Friday, February 19, 2016
Early in their set at Bexhill's De La Warr Pavilion last night, Savages' lead singer Jehnny Beth emphatically proclaims, with all the force and passion of her vocal delivery, that "love is the answer". A line from the opening song of new album, Adore Life, it is a sentiment that is quickly compromised as the evening progresses. On Sad Person, Beth observes that "Love is a disease/The strongest addiction I know." And it is this contradiction that is at the heart of Adore Life. If the first half of the album's title is in Beth's native French, then this collection of songs would seem to be about the joy, pain and intensity that necessarily accompany a love life.
If only love was as black and white as Savages' image: the monochrome album artwork and the chiaroscuro setting of their live shows creates an aura of studied cool; but this is belied by Jehnny Beth. Cajoling the audience into participation, laughing at a false start and even a spot of crowd surfing ("I can't believe you dropped me!"), there was no distance, only enjoyment in an energetic performance. Perhaps buoyed by the brio of support act Bo Ningen and their Japanese acid noise, the audience respond in kind.

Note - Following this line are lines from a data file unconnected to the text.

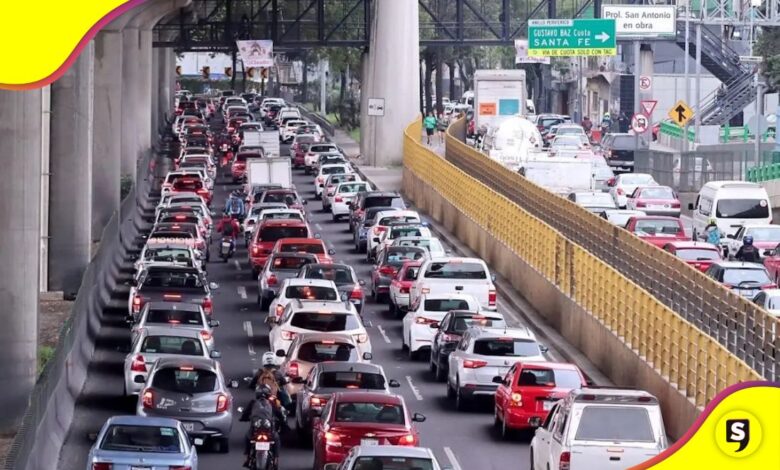 tenencia 2026 en CDMX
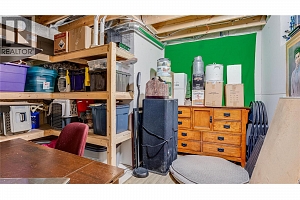 5648 Lynes Road - Photo 37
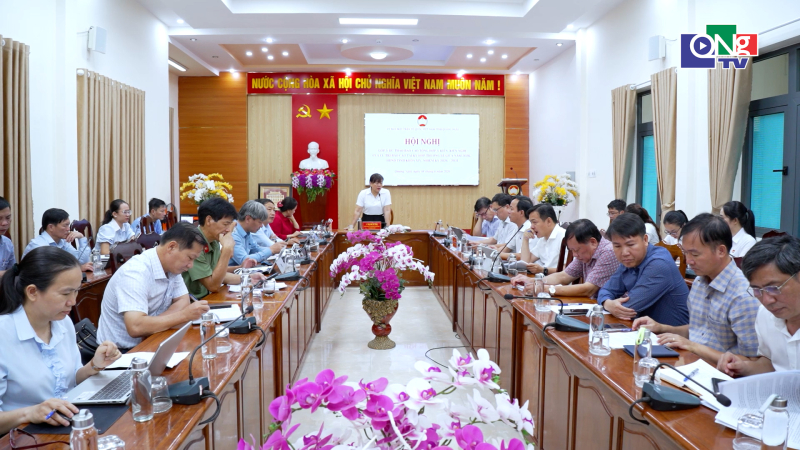 Ph&acirc;n loại &yacute; kiến, kiến nghị của cử tri 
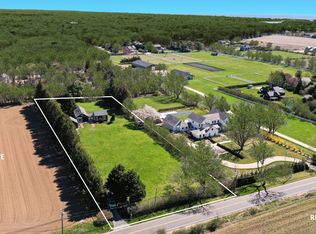 7 Town Line Rd, East Hampton, NY 11937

It is over two years since I last saw Savages live and, that night in Brighton, they were full of the post-punk vigour of their debut album, Silence Yourself. Few of those songs featured last night, although the frantic Patti Smith vitality of Husbands is greeted rapturously by the crowd; but the new material shows a band developing. T.I.W.Y.G. sounds as incredible live as it does on record and, on Adore, they demonstrate a sound maturing to include flourishes of light and shade. Gemma Thompson still paints a remarkable sonic landscape with her guitar and Ayse Hassan's rumbling, sternum-shaking bass is much more to the fore. Underpinned by now-seated drummer Fay Milton's rapid-fire staccato drumming, Savages are a tight unit and, after perennial favourite Fuckers, they unite in a sisterly bow to take the audience's acclaim.